Most critics of Obama's new order instructing Homeland Security to not enforce illegal immigration laws on illegal immigrant youths and instead grant them work permits argue the order violates the constitutional powers of the executive branch. Further, in March 2011 Obama himself stated he did not have the authority to issues such an order.
Proponents of the order say that the president is just using prosecutorial discretion.
From Kris Kobach's editorial in the NY Post:
The White House claims that it’s telling Immigration and Customs Enforcement agents to exercise “prosecutorial discretion” in not removing illegal aliens.
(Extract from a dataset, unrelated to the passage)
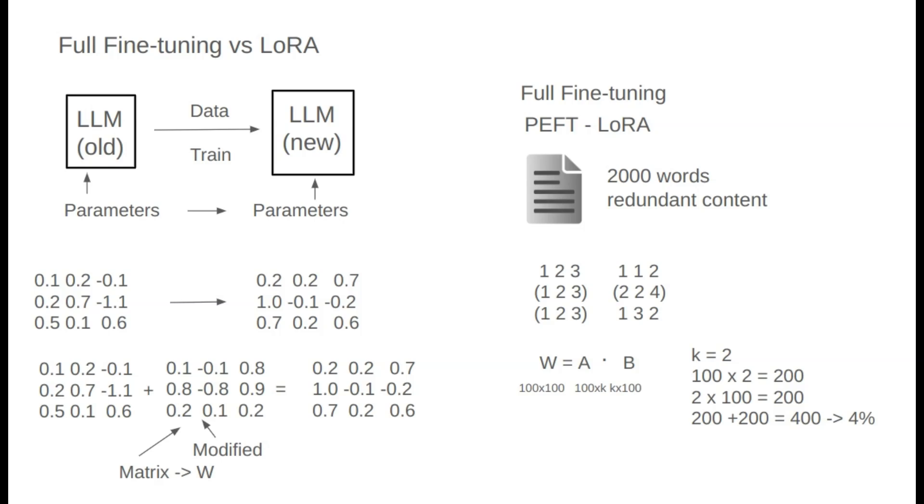K size affects how much information is retained. Smaller K values mean fewer parameters and, therefore, a lower approximation of W. For example, if K equals 2, A has 200 parameters, B has 200, and their sum, 400, is only 4% of W's 10,000 parameters.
But there is no such discretion.
In 1996, Congress inserted several interlocking provisions into the law that require deportation when Executive Branch officials become aware of illegal aliens.
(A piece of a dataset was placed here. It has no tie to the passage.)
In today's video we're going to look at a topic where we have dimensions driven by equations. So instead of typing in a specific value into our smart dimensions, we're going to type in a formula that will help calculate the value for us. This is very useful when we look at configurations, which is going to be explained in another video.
Congress enacted these provisions explicitly to force the executive branch to place into removal proceedings virtually every illegal alien encountered by federal immigration agents. The exceptions allowed by the 1996 act are very narrow, to be applied only in extraordinary circumstances (such as aliens seeking political asylum).
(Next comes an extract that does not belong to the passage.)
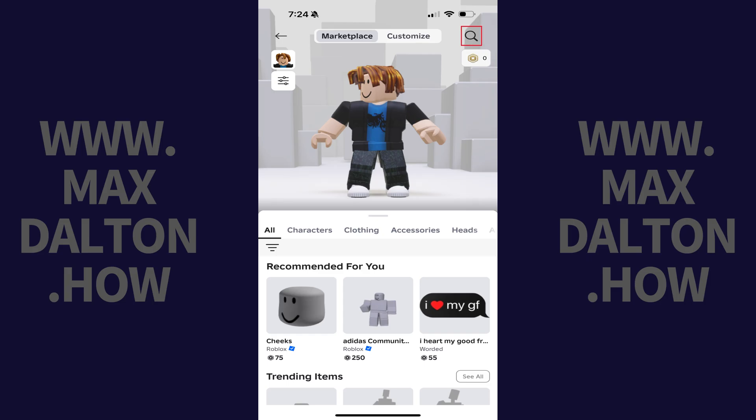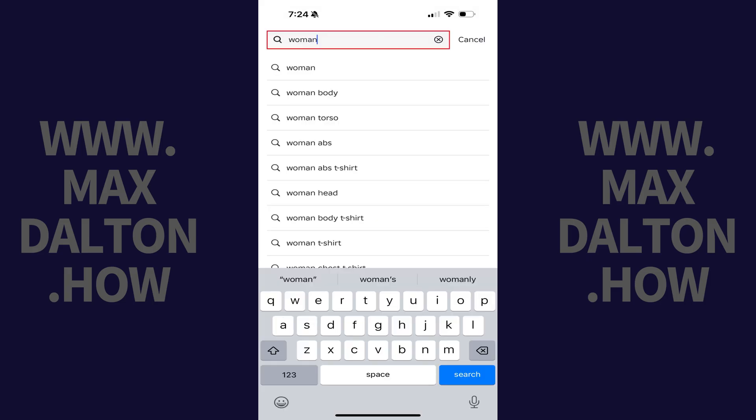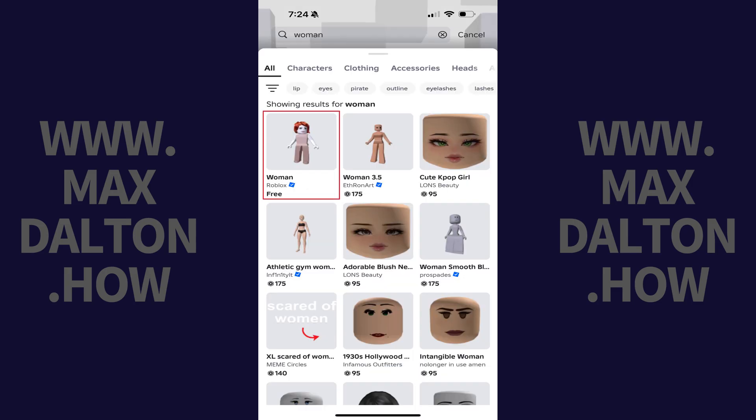Step 3. Tap the search icon on this screen and then search for woman if you want to change your Roblox avatar to be a woman, or search for man if you want your Roblox avatar to be a man. Find the free options for woman or man in the search results that are created by Roblox.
In other words, the “prosecutorial discretion” that Obama claims he is ordering ICE agents to exercise no longer exists, because Congress eliminated it in 1996.Now that the Supreme Court of the United States has struck down significant portions of Arizona's illegal immigration law, which was designed to help the federal government enforce laws already on the books, the question remains, if and when the Supreme Court will require the president to uphold federal law?